# What is expected
Please return the listing exactly as it stands, skipping any pictures.

# Supplied information
Segment Open

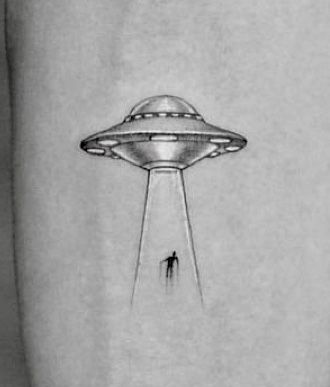 Spaceship Tattoo Design, Alien Ship Tattoo, Alien Spaceship Drawing, Alien Spaceship Tattoo, Alien Abduction Tattoo, Ufo Tattoo Design, Ufo Drawing, Spaceship Drawing, Spaceship Tattoo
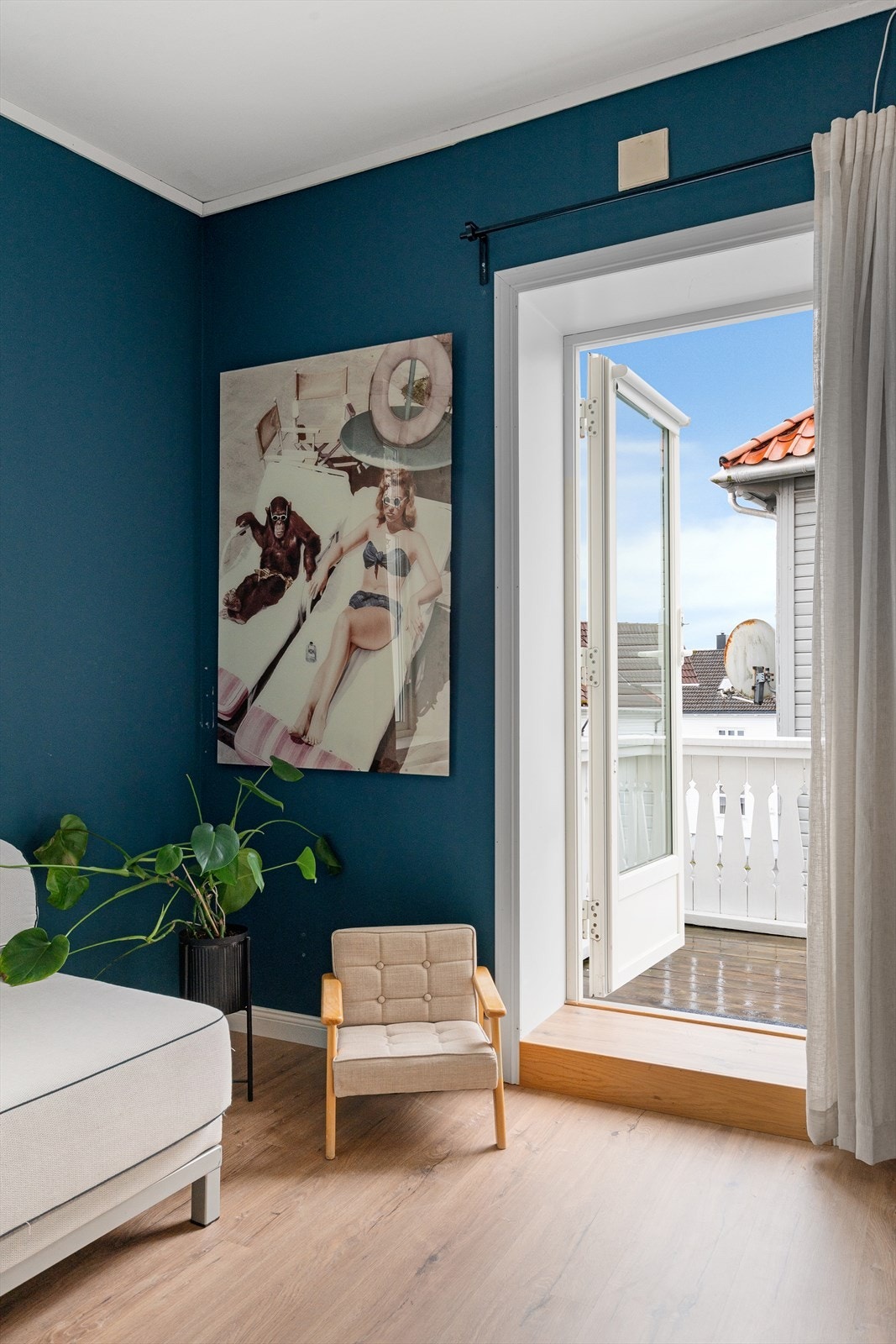 Dette rommet kan fungere både som barnerom, gjesterom eller kontor. Du har også utgang til en solrik altan. Galleribilde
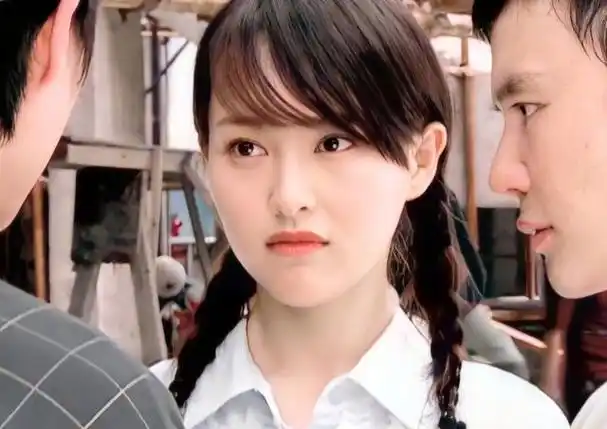 唐嫣整容前后对比照(唐嫣早期照片对比)(7)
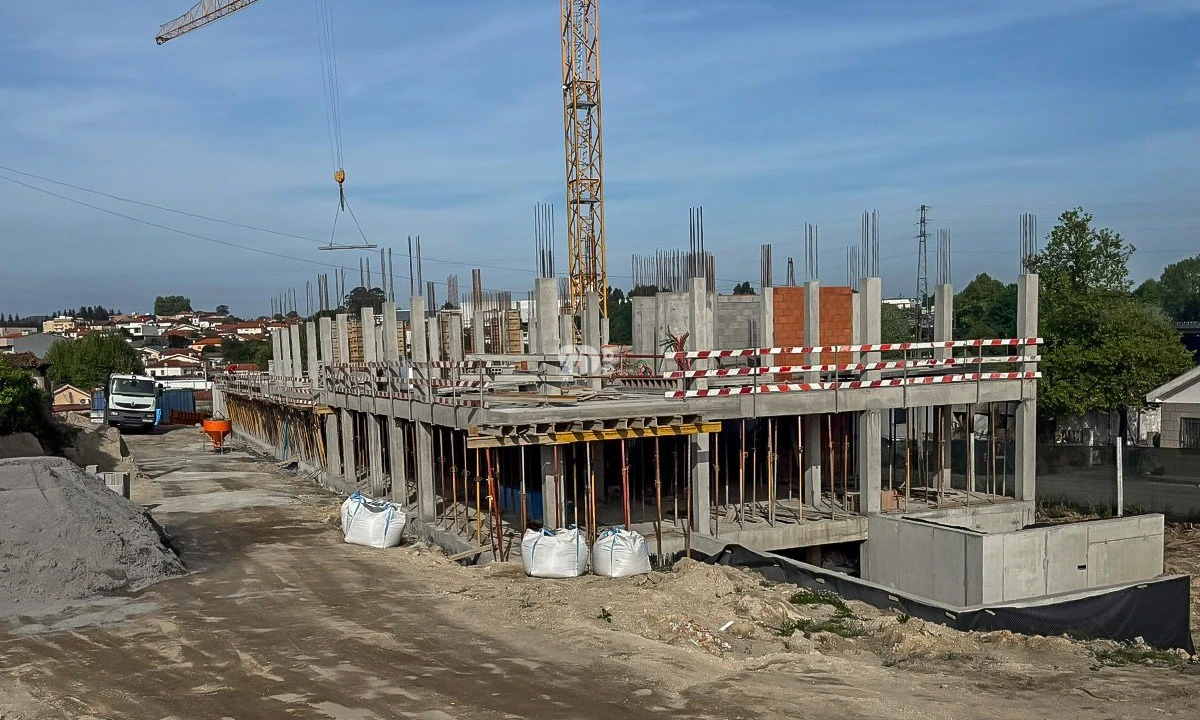 Apartamento T1 para Venda em Castelões Foto 6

Segment Closed

# Answer space
 Spaceship Tattoo Design, Alien Ship Tattoo, Alien Spaceship Drawing, Alien Spaceship Tattoo, Alien Abduction Tattoo, Ufo Tattoo Design, Ufo Drawing, Spaceship Drawing, Spaceship Tattoo
 Dette rommet kan fungere både som barnerom, gjesterom eller kontor. Du har også utgang til en solrik altan. Galleribilde
 唐嫣整容前后对比照(唐嫣早期照片对比)(7)
 Apartamento T1 para Venda em Castelões Foto 6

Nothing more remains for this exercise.